[About this exercise] The result should be the listing below restated word for word, with images left out.

[Collected material]
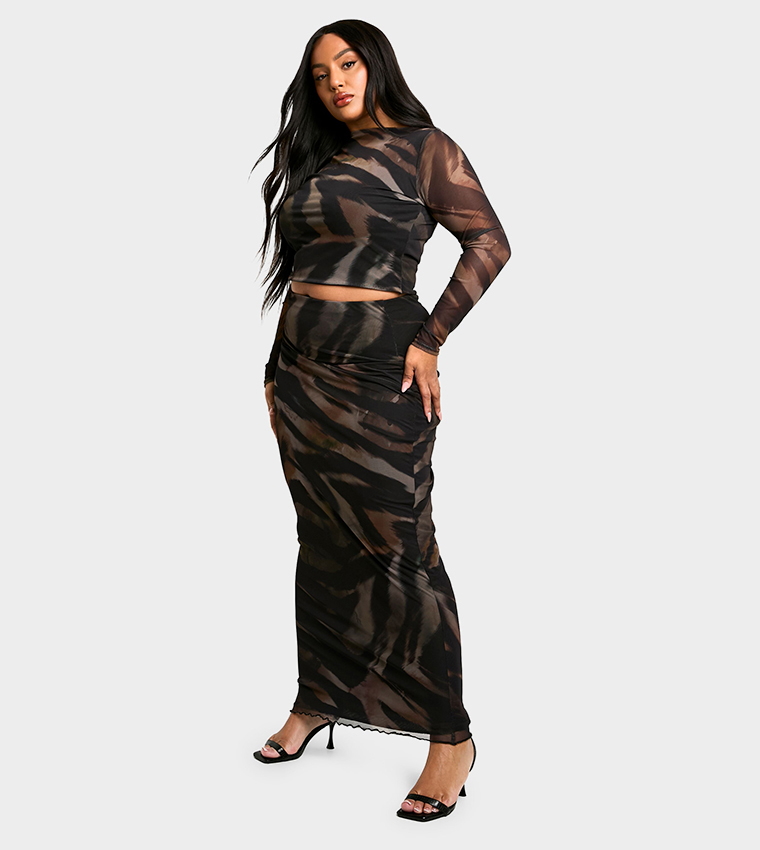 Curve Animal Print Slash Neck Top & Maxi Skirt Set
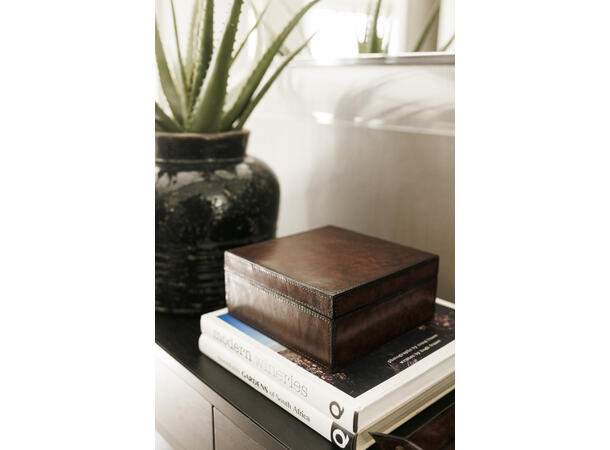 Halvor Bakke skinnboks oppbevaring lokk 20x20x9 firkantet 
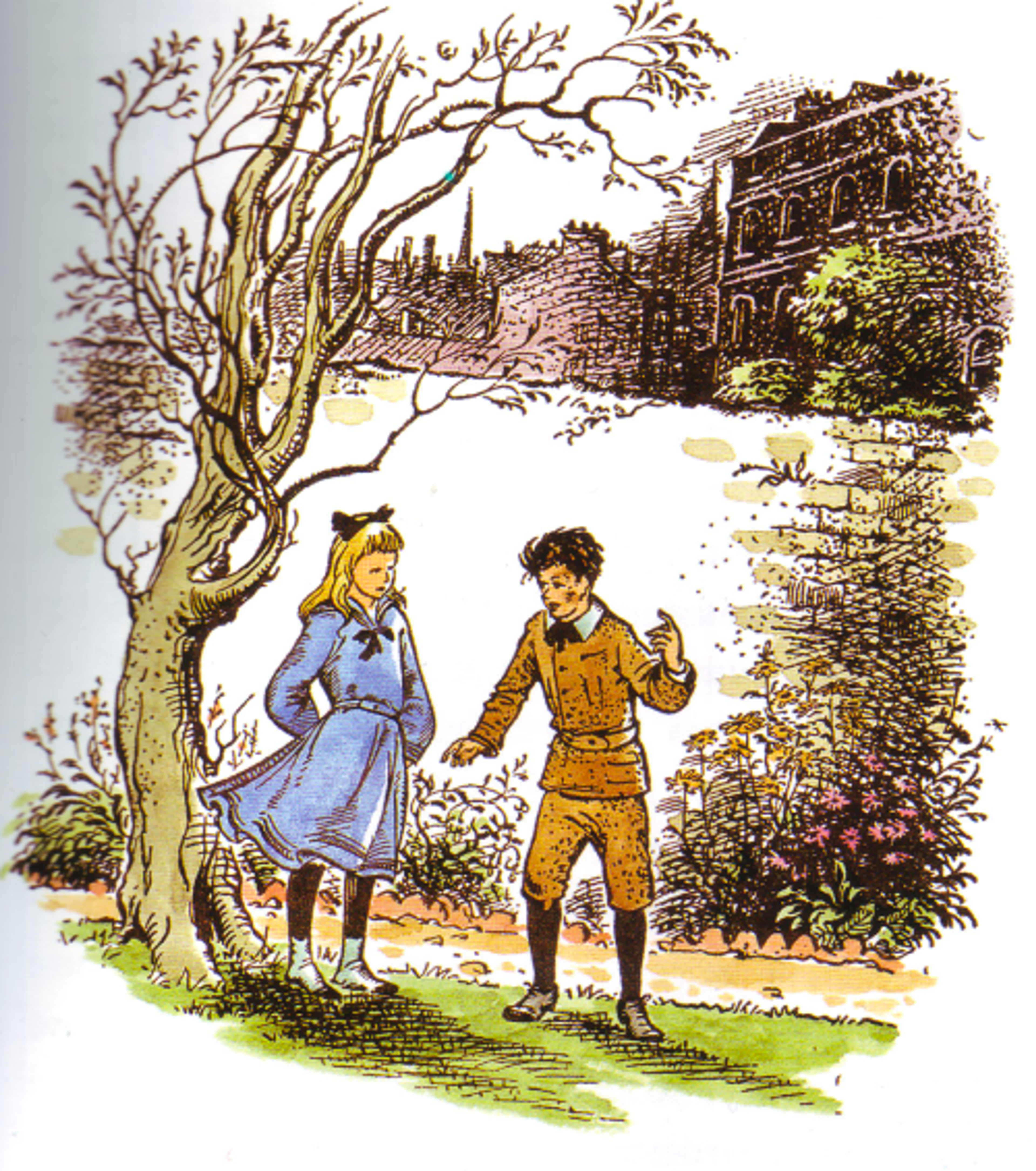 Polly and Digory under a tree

[Exercise answer]
 Curve Animal Print Slash Neck Top & Maxi Skirt Set
 Halvor Bakke skinnboks oppbevaring lokk 20x20x9 firkantet 
 Polly and Digory under a tree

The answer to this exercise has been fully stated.